On the Educational Case for Encampments
Jan-Werner Müller
Months before the Trumpist onslaught on higher education, US universities were rushing to prohibit protest encampments. Why do some ramshackle tents on lawns present such a threat to authority – as opposed to demonstrations and marches, which remain generally permitted, subject to certain regulations?
Encampments make a claim to land; and they contest the authorities’ control in a way that isn’t true of marching. People can hide in them, retreat into them and use them as staging grounds for further protest actions. They can be noisy and dirty, sometimes on purpose. Their aim is to put pressure on universities to change policy (there are no anti-Putin encampments in the West); noise and dirt may force administrators to react. Proponents of encampments might say that if they become part of the landscape, they have failed. They should resemble, to borrow an image from Robert Lowell, fishbones in an institution’s throat. No wonder, then, that universities have cracked down on encampments in the name of protecting property and safeguarding public order.
The core issue isn’t property, though, and it isn’t whether encampments are inherently unsafe, as some administrators have claimed. The question is whether they can be justified with regard to an institution’s educational mission, and hence receive some protection under the rubric of academic freedom.

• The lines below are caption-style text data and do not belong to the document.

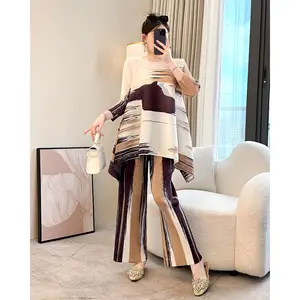 Factory Wholesale Elegant Women's Pleated Two-Piece Set Plus Size Top and Pants Outfit Casual Set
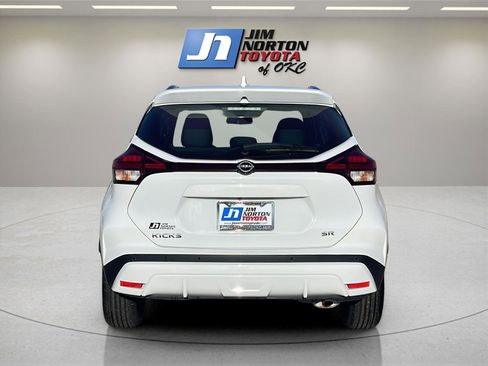 Used 2024 Nissan Kicks SR image 6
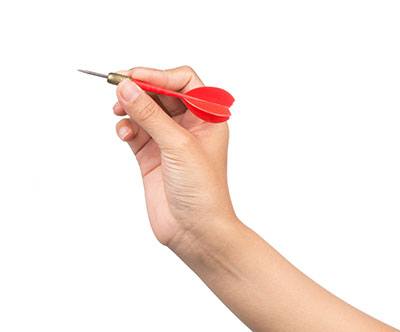 How do professionals grip darts?
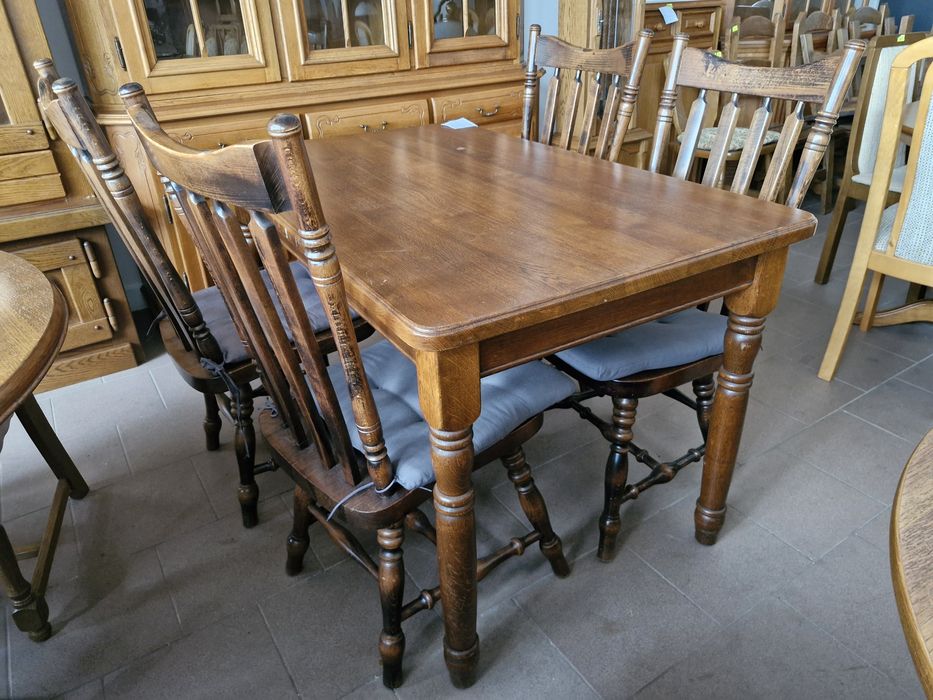 Stół drewniany prostokątny 80x130 cm + 4 krzesła z poduszkami stan bdb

That appears to be the implicit wager when encampments proclaim themselves ‘free universities’. It also appears to be the assumption when university leaders negotiate with students, granting them some legitimacy – as opposed to treating them as simple trespassers (as happened with the most brutal crackdowns last year).
Those of us who teach at universities can’t simply include encampments in our pedagogy: regular seminars should not be held there, since that would amount to professors de facto coercing their students to take part in the encampment; any ‘free university’ should be free to access, but it must also remain free to enter and leave.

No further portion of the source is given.